No primeiro dia de junho, o real apresentou uma valorização significativa em relação ao dólar, encerrando o pregão cotado a R$ 5,0227 após registrar uma mínima de R$ 5,0122. A moeda norte-americana caiu 0,40%, mesmo diante de um cenário global de fortalecimento do dólar, impulsionado pelo aumento das tensões no Oriente Médio. Ao longo do mês de maio, o dólar já havia mostrado uma alta acumulada de 1,82%, e neste ano suas perdas totalizam 8,50%.

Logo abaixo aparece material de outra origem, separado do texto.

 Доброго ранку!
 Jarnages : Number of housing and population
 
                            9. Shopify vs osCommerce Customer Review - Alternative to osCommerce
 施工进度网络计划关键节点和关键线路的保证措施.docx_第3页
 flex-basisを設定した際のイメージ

A escalada da situação geopolítica ficou evidente após o Irã anunciar a interrupção das conversas com os Estados Unidos, em resposta aos ataques israelenses contra o grupo xiita Hezbollah no Líbano. Este movimento provocou um aumento na percepção de risco entre investidores, com autoridades iranianas alertando moradores do norte de Israel a deixarem a região. O impacto imediato dessa tensão foi a alta nos preços do petróleo, que chegaram a superar os US$ 97 antes de se estabilizarem em US$ 94,98, refletindo uma alta de 4,24%.
Alexandre Viotto, responsável pela área de banking da EQI Investimentos, destacou a dualidade que afeta a taxa de câmbio em momentos de crises geopolíticas. Ele citou que, por um lado, o aumento da aversão ao risco pode prejudicar moedas de países em desenvolvimento, enquanto, por outro, a valorização do petróleo tem um efeito positivo sobre a economia brasileira. "Foi um pouco do que vimos hoje", afirmou Viotto, referindo-se ao comportamento do real no mercado.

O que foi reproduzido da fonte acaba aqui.